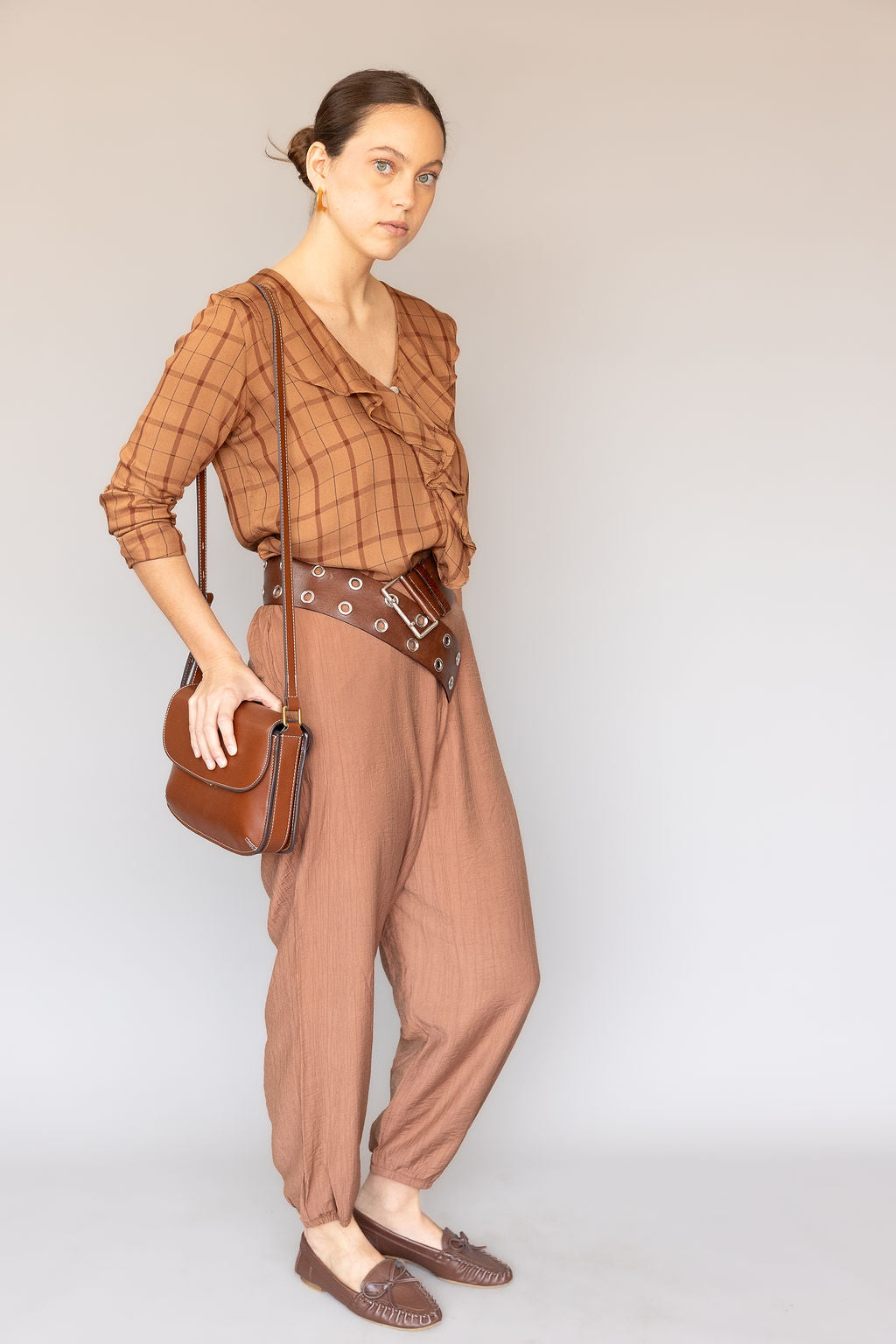 Pantalón Flow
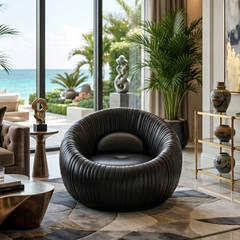 Eris Armchair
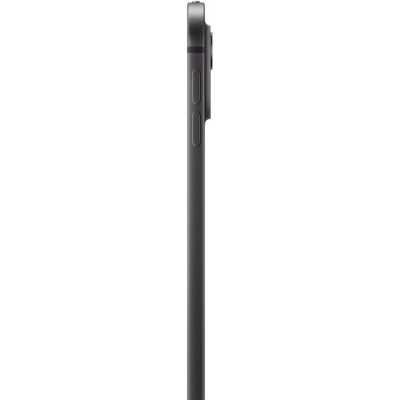 планшет Apple iPad Pro 2024 13 Wi-Fi 2TB Space Black MVX83LL/A Черный космос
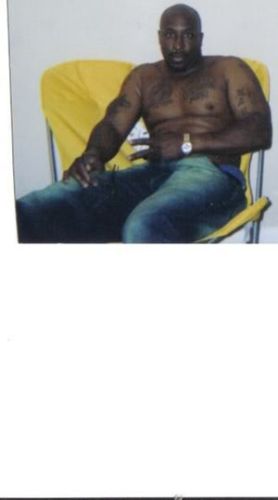 Anthony Mcdaniel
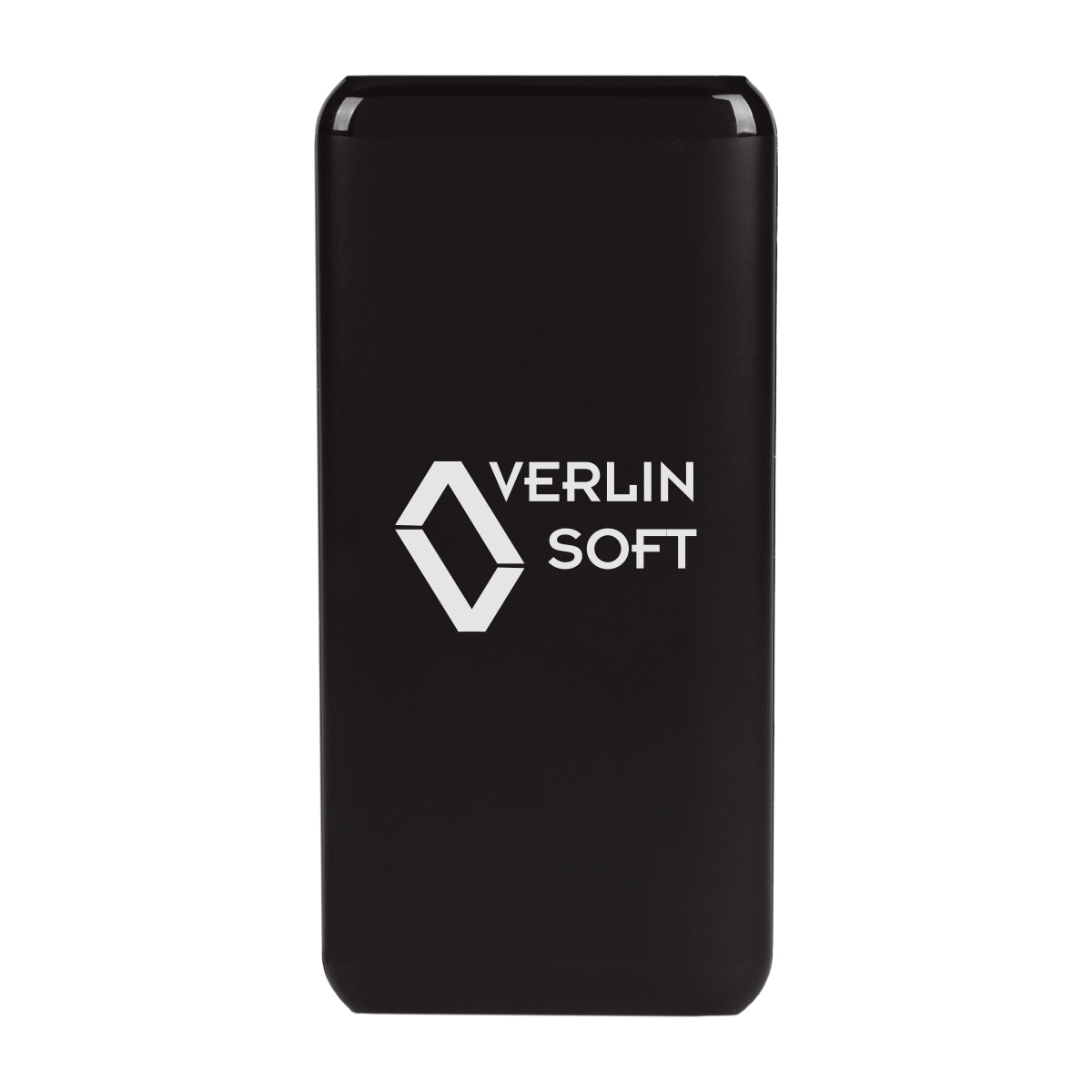10,000 mAh Multi-Port Power Bank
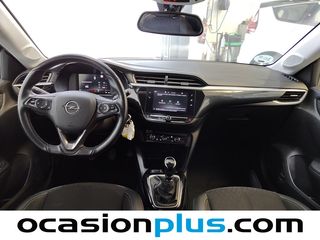 Opel Corsa 1.2 Turbo XHL Elegance 74 kW (100 CV)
—————
What you are asked to do:
Would you please write out exactly the lines between the line containing "Anthony Mcdaniel" and the last line of the listing above, inclusive, without pictures?

Answer to this problem:
 Anthony Mcdaniel
10,000 mAh Multi-Port Power Bank
 Opel Corsa 1.2 Turbo XHL Elegance 74 kW (100 CV)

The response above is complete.